- _Exercise instructions_: Among the entries below, find the lines with the word "Gold" and copy them.

- _Data extract_:
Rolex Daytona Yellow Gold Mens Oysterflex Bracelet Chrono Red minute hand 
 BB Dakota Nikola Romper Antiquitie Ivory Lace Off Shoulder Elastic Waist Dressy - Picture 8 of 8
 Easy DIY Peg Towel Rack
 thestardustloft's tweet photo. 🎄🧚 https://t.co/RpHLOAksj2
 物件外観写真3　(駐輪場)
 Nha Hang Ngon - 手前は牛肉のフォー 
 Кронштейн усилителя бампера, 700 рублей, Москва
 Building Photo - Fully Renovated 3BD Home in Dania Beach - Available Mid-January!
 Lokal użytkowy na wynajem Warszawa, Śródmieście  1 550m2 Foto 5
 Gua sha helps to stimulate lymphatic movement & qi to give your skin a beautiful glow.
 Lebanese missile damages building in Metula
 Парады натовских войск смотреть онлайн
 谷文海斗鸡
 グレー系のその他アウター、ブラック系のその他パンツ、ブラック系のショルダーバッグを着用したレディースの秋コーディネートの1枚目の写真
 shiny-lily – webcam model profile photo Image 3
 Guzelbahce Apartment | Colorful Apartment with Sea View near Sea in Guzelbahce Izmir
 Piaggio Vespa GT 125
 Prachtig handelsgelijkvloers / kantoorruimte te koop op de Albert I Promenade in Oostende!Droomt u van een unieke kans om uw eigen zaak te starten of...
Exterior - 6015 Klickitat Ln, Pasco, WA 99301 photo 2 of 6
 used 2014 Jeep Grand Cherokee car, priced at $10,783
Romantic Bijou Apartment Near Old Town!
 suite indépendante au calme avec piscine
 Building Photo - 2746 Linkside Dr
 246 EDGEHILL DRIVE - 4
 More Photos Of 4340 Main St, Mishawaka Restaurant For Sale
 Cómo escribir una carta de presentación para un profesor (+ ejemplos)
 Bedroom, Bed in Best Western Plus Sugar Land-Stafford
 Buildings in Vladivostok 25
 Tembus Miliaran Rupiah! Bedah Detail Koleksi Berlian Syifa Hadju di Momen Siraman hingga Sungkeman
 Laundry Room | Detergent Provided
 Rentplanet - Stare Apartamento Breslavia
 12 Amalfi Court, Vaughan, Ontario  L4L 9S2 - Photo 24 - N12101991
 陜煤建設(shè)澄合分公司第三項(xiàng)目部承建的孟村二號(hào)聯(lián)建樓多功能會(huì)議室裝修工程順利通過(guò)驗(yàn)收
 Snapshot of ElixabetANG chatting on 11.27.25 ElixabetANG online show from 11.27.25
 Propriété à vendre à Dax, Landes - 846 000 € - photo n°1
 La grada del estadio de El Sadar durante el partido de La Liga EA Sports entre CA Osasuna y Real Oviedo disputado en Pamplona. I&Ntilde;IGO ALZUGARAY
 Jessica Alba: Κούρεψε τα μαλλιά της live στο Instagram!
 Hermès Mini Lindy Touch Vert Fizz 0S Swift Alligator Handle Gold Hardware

- _Expected output_:
Rolex Daytona Yellow Gold Mens Oysterflex Bracelet Chrono Red minute hand 
 Hermès Mini Lindy Touch Vert Fizz 0S Swift Alligator Handle Gold Hardware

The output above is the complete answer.